Giant welfare agency Centrelink has flagged its intentions to upgrade and expand its mid-range server fleet based on the x86 architecture, in a move that may place incumbent supplier Hewlett-Packard at risk.
The organisation this week issued a request for tenders document in the area, noting it currently had about 500 servers spread out around the nation in what it terms its "distributed environment", while its centralised datacentre facilities contained a further 220. The agency plans to appoint a number of suppliers as part of a panel arrangement.

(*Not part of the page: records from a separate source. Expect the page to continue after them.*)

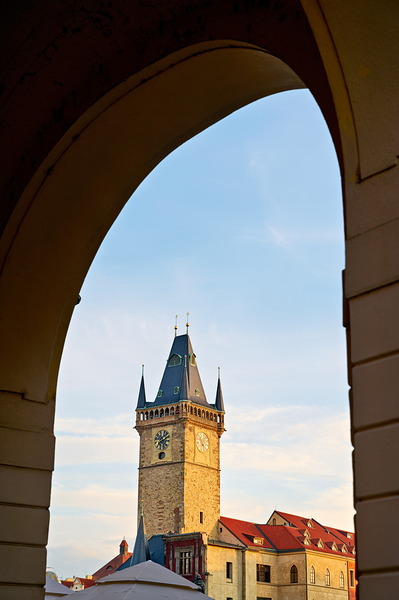 Historic clock tower framed by an archway. by Marco Brivio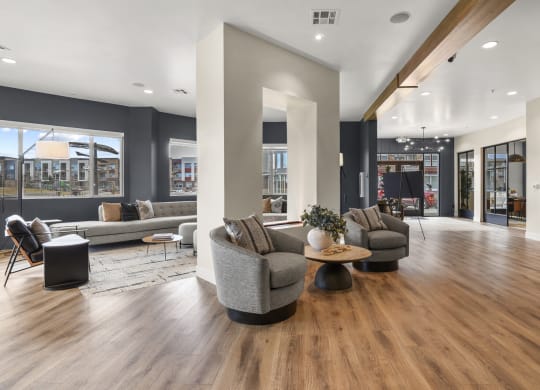 a living room with couches and chairs on a wood floor at Parkside at Littleton Village, Littleton, Colorado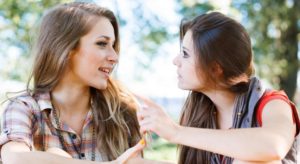 two-young-females-talking-to-each-other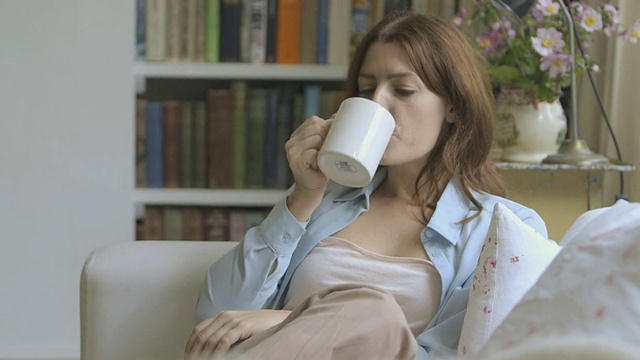 坐在沙发上喝咖啡的女人。视频素材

Centrelink's current server platform, according to the documents, is based on Hewlett-Packard hardware: specifically the company's HP BL685G6 blade servers and its BL460c and DL380 G5 machines. The blade servers, which use AMD CPUs with six cores, are listed as high-density machines often used as underlying infrastructure for virtualised environments. However, some are not virtualised; for example, Centrelink said it uses some for clustered Microsoft SQL Server environments.
The BL460c machines are also high-density machines, but have a much lower capacity, with significantly less RAM and only a couple of Intel quad-core CPUs each, as opposed to the four CPUs used in the AMD blades. The servers are used for non-virtualised workloads that don't have a requirement for physical isolation or device expansion.
Centrelink uses the DL380 G5 machines, which it also rates as "low density", for workloads that need physical isolation or physical expansion capabilities.
According to the documents, Centrelink also makes extensive use of VMware's vSphere platform within its x86 server environment. It runs both Windows and Linux on the servers, standardising on Novell's SUSE Linux Enterprise Server, as well as Windows 2003 and 2008 R2 Server.
"Over the last few years Centrelink has embarked on a virtualisation program to consolidate onto fewer, higher capacity servers," the agency said. "In support of the changing requirements of Centrelink and other DHS agencies, there is a requirement to upgrade and expand the current x86 server capability."
The agency is looking for hardware, software, support and associated servers in relation to its gradual refresh and expansion project.
Over the past decade, organisations have increasingly looked to the commodity x86 platform as their standard platform for server deployments, to the long-term detriment of rival architectures such as Sun Microsystems' SPARC platform. However, the traditional mainframe platform is also still alive and kicking: particularly so in Centrelink, as well as in Australia's largest banks.
Last year, for example, Department of Human Services IT chief John Wadeson, who has responsibility for Centrelink as part of his remit, said the organisation still used the Model 204 mainframe database software as part of its core. In January 2008, the agency also inked a two-year, $141 million extension on its mainframe contract with IBM. The deal at that point had a total value of $401 million.